> _PROBLEM DETAILS_
The entries are to be repeated exactly, with all pictures omitted.
#### INFORMATION
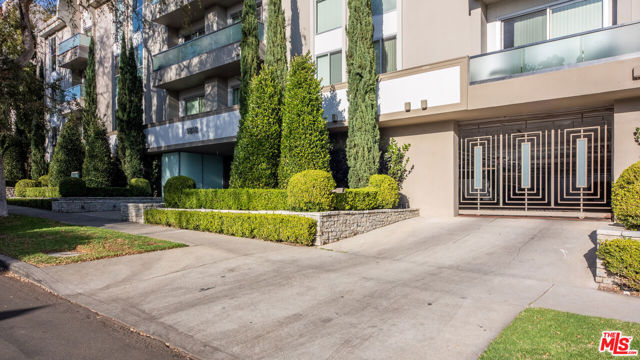 1818 Thayer Avenue, Los Angeles CA: https://media.crmls.org/mediaz/a6265b20-d9f4-4cb6-bd8d-de64e7bfd3df.jpg
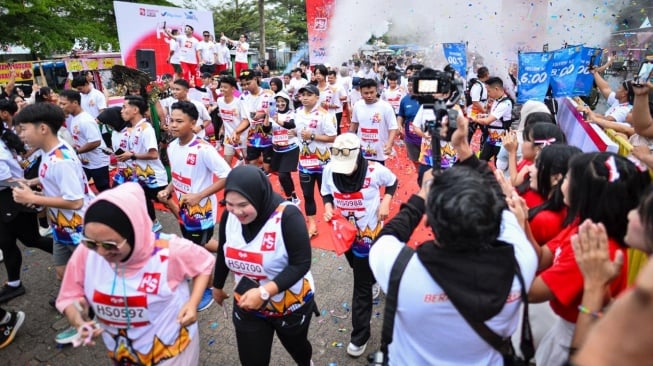 HS Run diikuti lebih dari 5 ribu pelari, dan dimeriahkan Slank hingga Happy Asmara. [dokumentasi pribadi]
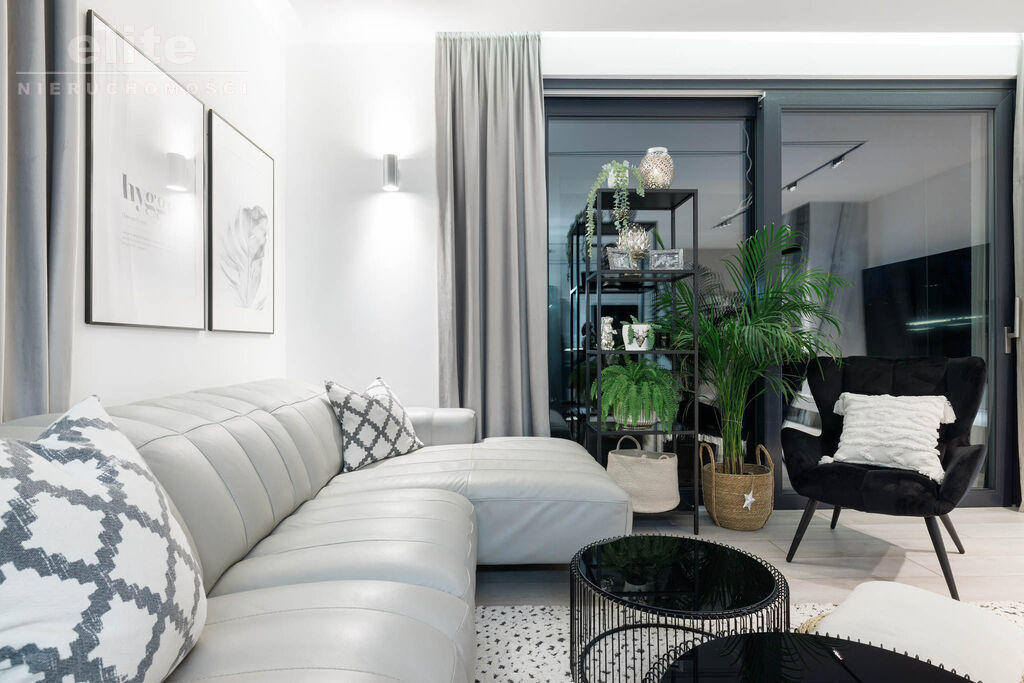 Śliczny wolnostojący dom na sprzedaż 5 pokojowy (14)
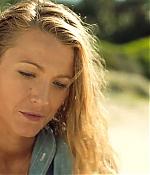 theshallows-blakelively-00876.jpg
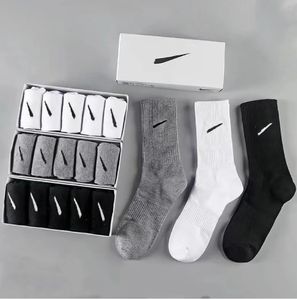designer sock for men Stockings grip socks motion Cotton All-match Solid Color Classic Hook Ankle Breathable black White Basketball football sports sock with box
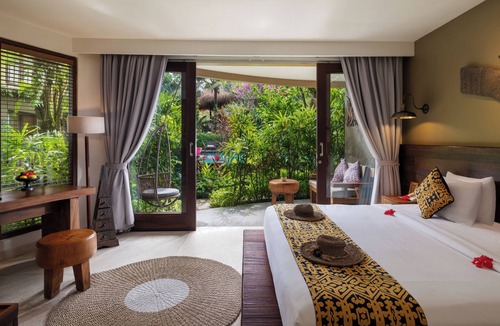 Melayang Resort | Honai Resort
########
> _RESPONSE FOR THIS EXERCISE_
 1818 Thayer Avenue, Los Angeles CA: https://media.crmls.org/mediaz/a6265b20-d9f4-4cb6-bd8d-de64e7bfd3df.jpg
 HS Run diikuti lebih dari 5 ribu pelari, dan dimeriahkan Slank hingga Happy Asmara. [dokumentasi pribadi]
 Śliczny wolnostojący dom na sprzedaż 5 pokojowy (14)
 theshallows-blakelively-00876.jpg
designer sock for men Stockings grip socks motion Cotton All-match Solid Color Classic Hook Ankle Breathable black White Basketball football sports sock with box
 Melayang Resort | Honai Resort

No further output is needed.